E comunque la continuità profonda tra questo papa e il suo predecessore può essere negata solo da chi fa di Benedetto XVI un conservatore, dimenticando la sua coraggiosa lotta per portare alla luce, senza remore o ipocrisia, la piaga della pedofilia dei preti, oppure il rivoluzionario gesto delle sue dimissioni, sulla cui linea innovatrice si sta muovendo anche papa Francesco sovvertendo tante vecchie e superate abitudini.
Più ragionevoli potrebbero essere, se mai, le riserve di quanti attendono le scelte concrete che il nuovo papa dovrà fare riguardo al governo della Chiesa e alla gestione della Curia vaticana. Anche a questo livello i primi passi sono già significativi, con la scelta di otto cardinali, di vari continenti, che possano affiancarlo nella guida della cattolicità.
Ma forse la vera risposta va cercata ancora più a fondo, nello stesso stile partecipativo che Francesco ha fin dall’inizio instaurato col popolo di Dio nella sua totalità, dando ma anche chiedendo la benedizione, ponendosi in un rapporto di reciprocità con i fedeli, dando voce a chi non ne aveva mai avuto dentro la Chiesa. Forse la risposta che egli cerca non sta tanto in questa o quella soluzione giuridico-burocratica ai problemi della Curia, ma in questo stile che coinvolge l’opinione pubblica della Chiesa, il cui fondamento sta in quello che il Concilio ha chiamato il “sensus fidelium”, per cui tutti i cristiani sono chiamati, in qualche modo a formulare, insieme ai loro pastori, la linea dottrinale della comunità ecclesiale.
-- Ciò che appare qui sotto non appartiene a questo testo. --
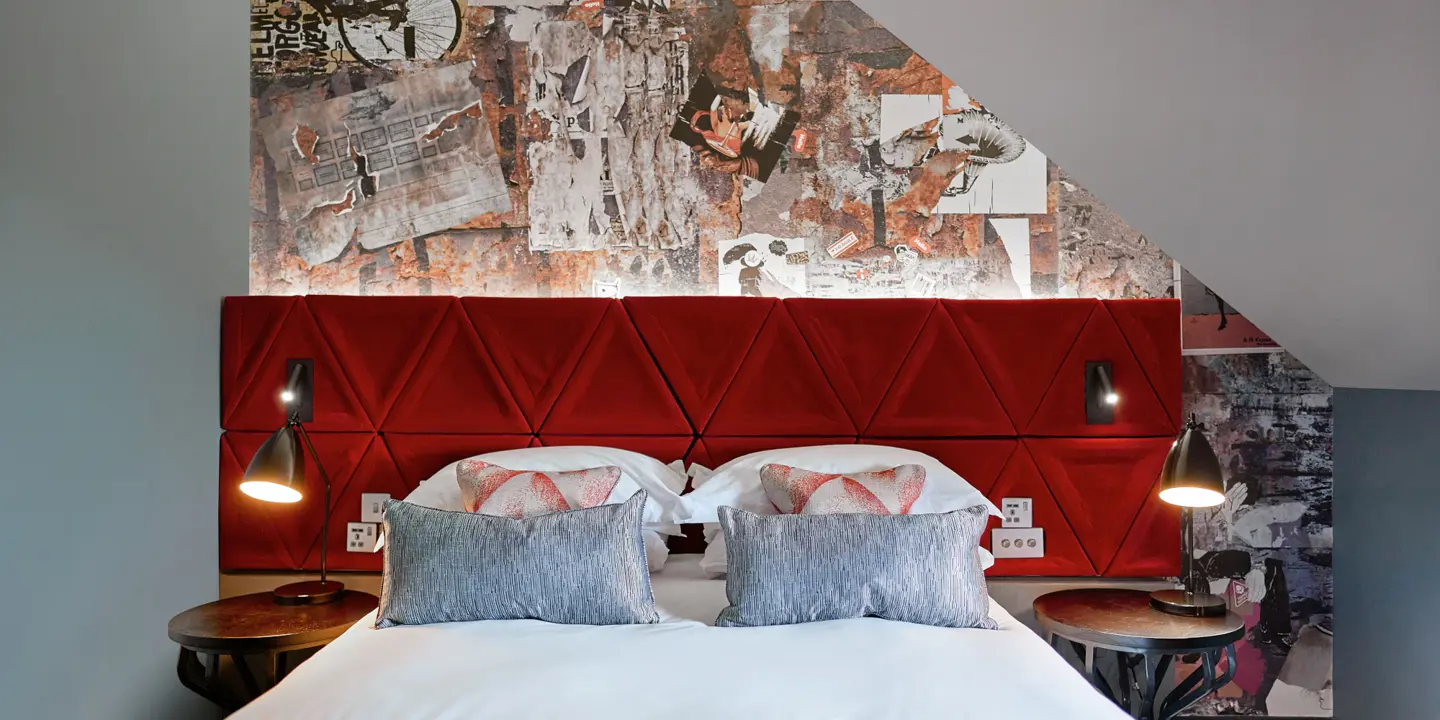 A bed featuring a vibrant red headboard and matching pillows.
L’impressione è che Francesco stia cercando, più che di ristrutturare, di scavalcare le pesanti mediazioni costituite fino ad oggi dalle strutture di vertice della Chiesa, entrando in contatto più diretto con la gente. Se è così, la vera riforma dobbiamo farla anche noi insieme a lui, contribuendo al suo sforzo con la nostra preghiera, ma anche con la nostra attenzione vigile e con la nostra partecipazione attiva. Se sapremo assumercene la responsabilità, sarà questo – ed è tanto! – che rimarrà del nuovo pontificato, dopo i primi entusiasmi.